What you have to do: Find the line with "Hotel Plaza Real" in the data below. Repeat it and every line after it up to the end, exactly, but drop the pictures.

________

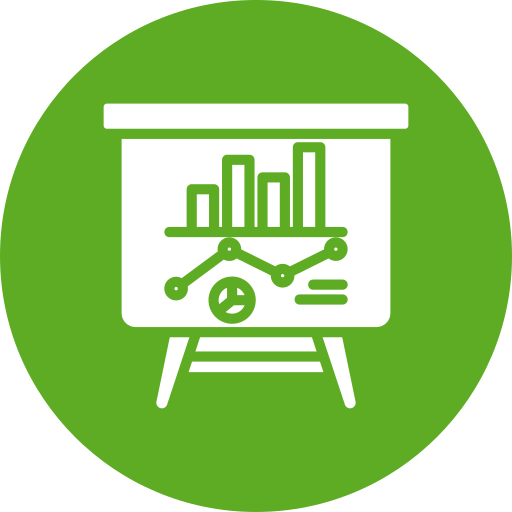 Analysis free icon Analysis free icon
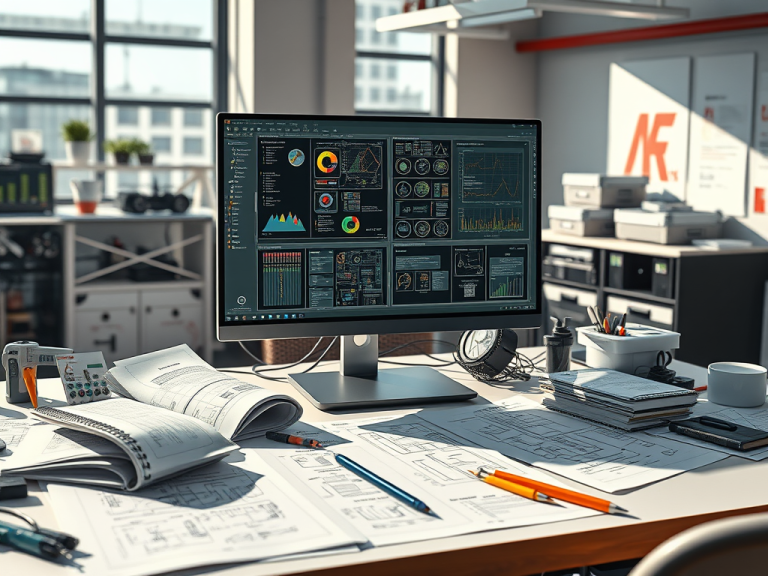 AutoCAD Electrical l’outil qu’il vous manque (même si vous n’êtes pas électricien) ?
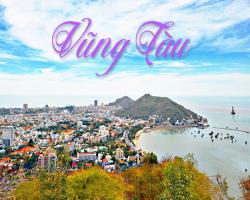 Du Lịch Vũng Tàu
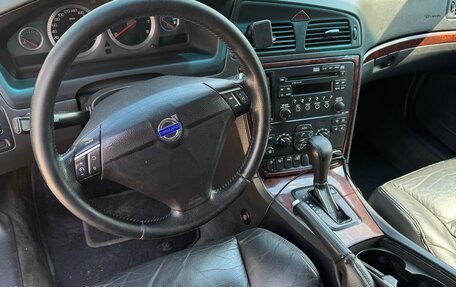Volvo S60 III, 2009 год, 690 000 рублей, 1 фотография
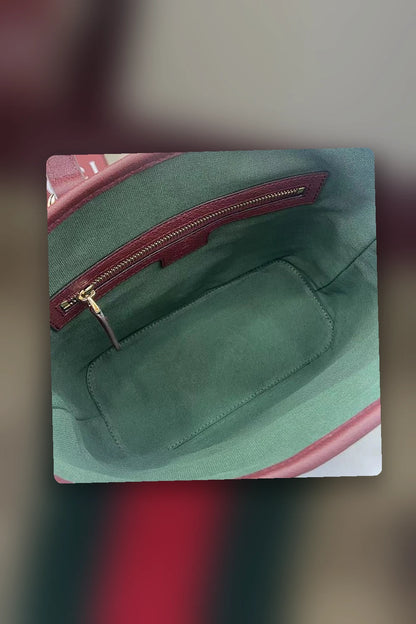 NB - GUKI Bag - 641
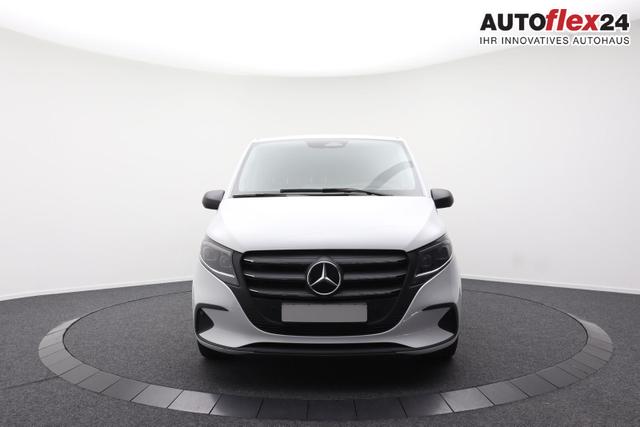 Mercedes-Benz Vito 116CDI RWD select 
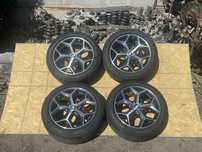 Диски BMW R18 X1 F48 X2 F49 Разборка
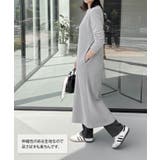 ワンピース レディース 秋 | REAL STYLE | 詳細画像16 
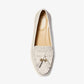 Kiernan Leather and Signature Logo Loafer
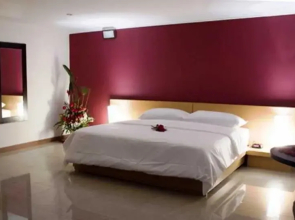 Hotel Plaza Real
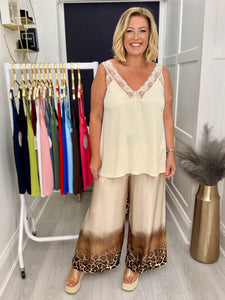 Penny top - 16 colours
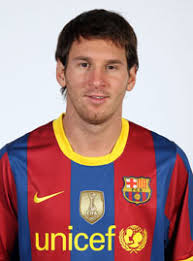 Lionel Andres Messi Fcbarcelona Cat
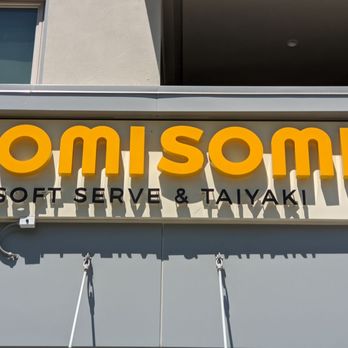 Somisomi - Desserts Near Me - Cupertino, California Somisomi - Desserts Near Me - Cupertino, California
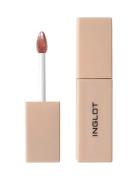 Inglot Glazed Lips Liquid Lipstick Spf 50+ Pink Meringue 91 Huulipuna ...
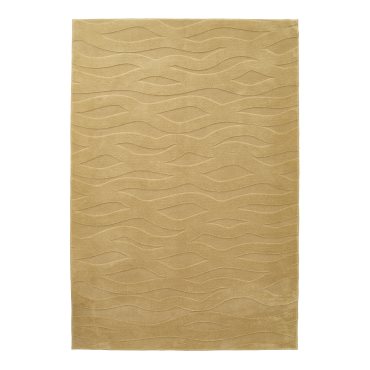 VÄXELFEL, rug low pile, 133x195 cm, 606.387.14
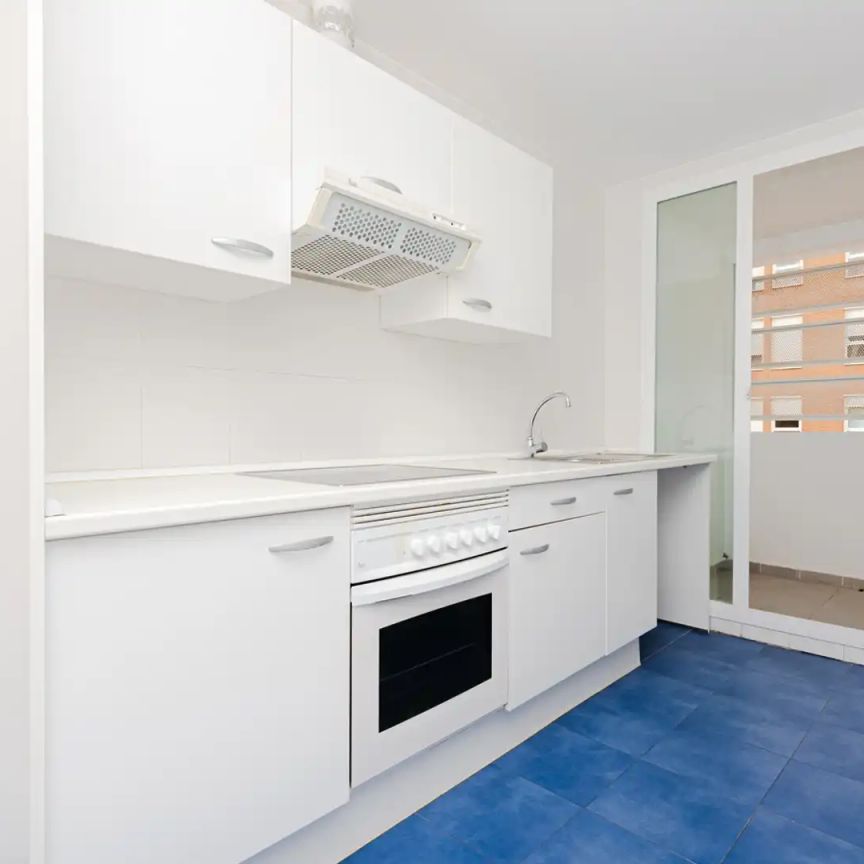 Piso de alquiler en Talgo, 6, San Crispín - La Estación Consorcio - Photo 1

________

Completed task:
 Hotel Plaza Real
 Penny top - 16 colours
 Lionel Andres Messi Fcbarcelona Cat
 Somisomi - Desserts Near Me - Cupertino, California Somisomi - Desserts Near Me - Cupertino, California
 Inglot Glazed Lips Liquid Lipstick Spf 50+ Pink Meringue 91 Huulipuna ...
 VÄXELFEL, rug low pile, 133x195 cm, 606.387.14
 Piso de alquiler en Talgo, 6, San Crispín - La Estación Consorcio - Photo 1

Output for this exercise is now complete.